Devido aos quadros do "Desnível Bar 2" serem escritos por três gerações de autores: 1ª - Alice Lança e Borges Lopes; 2ª Domingos Galamba e Luís Palma Gomes; 3ª Beatriz Cazenave e Pedro de Castro pode mapear-se no espetáculo a evolução da pós-modernidade segunda metade do século XX até agora, onde o consumismo se tornou o sentido da vida; o individualismo causou alienação; a vida perspetivou-se em curtos espaços de tempo, gerando a precariedade social; a espiritualidade desejou-se leve, digestiva e cómoda; a prioridade do reconhecimento do outro sobrepôs-se à realização pessoal anónima; algumas personagens ambiciosas procuraram uma história aparente e glamourosa; um dilema entre a função e a fruição interpelou-nos; as questões de género e de transgénero perspetivaram-se sobre um novo prisma moral e ético; e um desejo de segurança conduziu ao medo constante, neurótico.
Todos estes aspetos se concentram-se em quadros específicos ou se dispersam pelos 14 que compõem o espetáculo.
Podem julgar a intenção presunçosa ou demasiado ambiciosa. E que seja. É uma proposta de interpretação de um espetáculo escrito, dirigido e representado por aqueles que convivem ou conviveram com estes fenómenos nas suas vidas. É a vox populi, tal e qual, sem edição, nem filtros.
O "Desnível Bar 2" tem um espaço cénico absurdo, onde o caos se sobrepõe à ordem. Lembra “A sociedade líquida” de Zygmunt Bauman, onde a forma é inconstante, difícil de definir ou circunscrever, o futuro torna-se imprevisível e instável, dado que as moléculas de água não configuram uma estrutura sólida.

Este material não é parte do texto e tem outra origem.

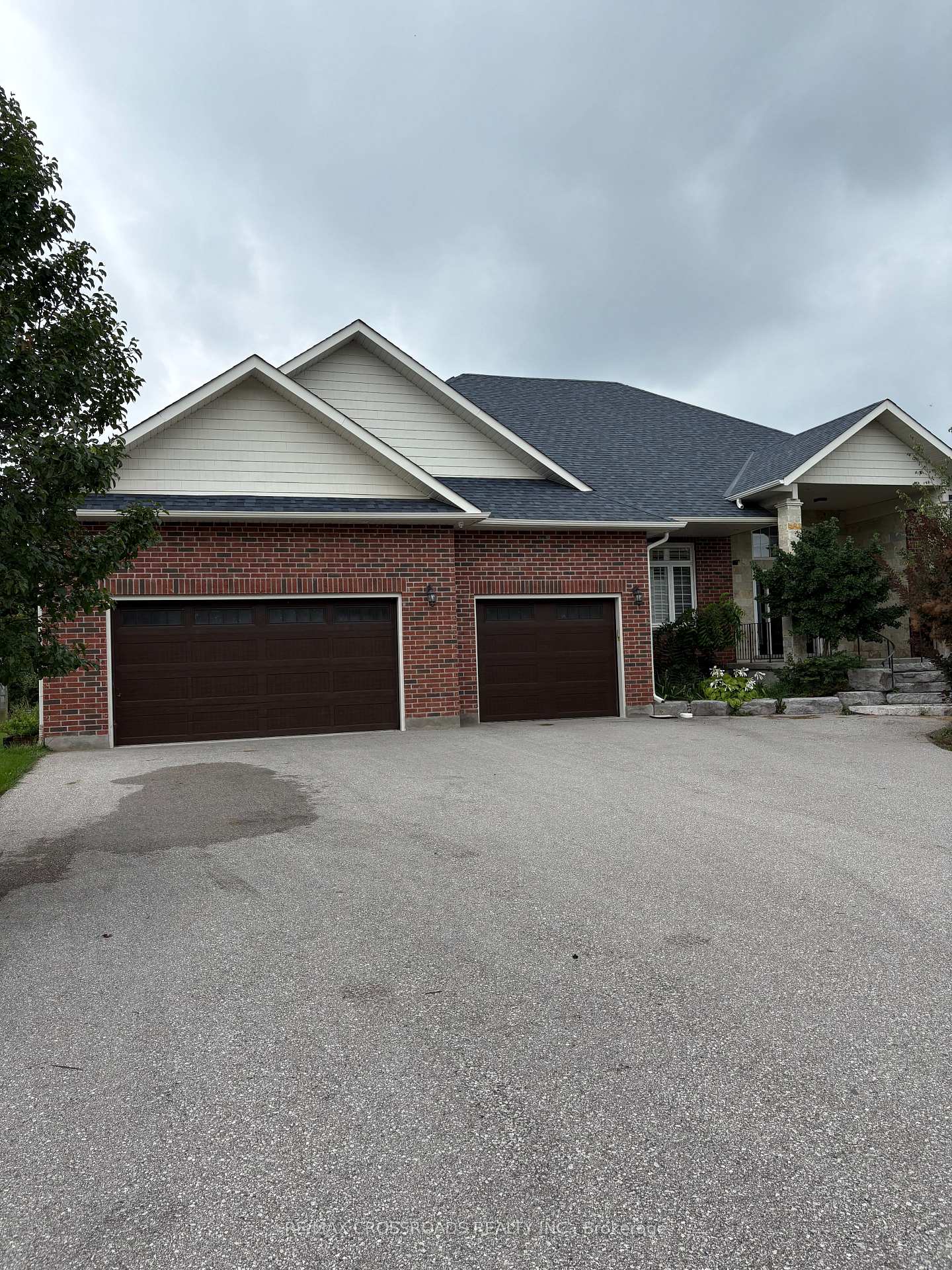 4 Blake Street East Gwillimbury Ontario Canada Rent residential   RE/MAX CROSSROADS REALTY INC. Brokerage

Não será nada de novo insistir que o mundo — para efeito, um bar — não foi feito à medida dos humanos e que nos cabe o ónus da adaptação. Diante desta realidade, o "Desnível Bar 2" convida a um plano de contingência: lançar um sorriso cúmplice, enquanto nos olhamos a nós próprios do outro lado da quarta parede. Eis a análise pessoal à 43ª produção do TPN, encenada por Porfírio Lopes e representada por nobres atores que merecem um forte e veemente aplauso: Rui Ferreira, Carla Abreu Ferreira, Matilde Cañamero, José "Vespaman", Joao Cazenave , Sandra Santos, Tânia Catarino, Gonçalo Marques, Ana Simões, António Dias, Luís Tenente, Teresa Tenente, Aldina Nunes.
NOTA SOLTA: O teatro não pode ser mais uma forma de alienação. Aliás a sua subalternização ou auto desfoque contribui para o empobrecimento da capacidade crítica da comunidade.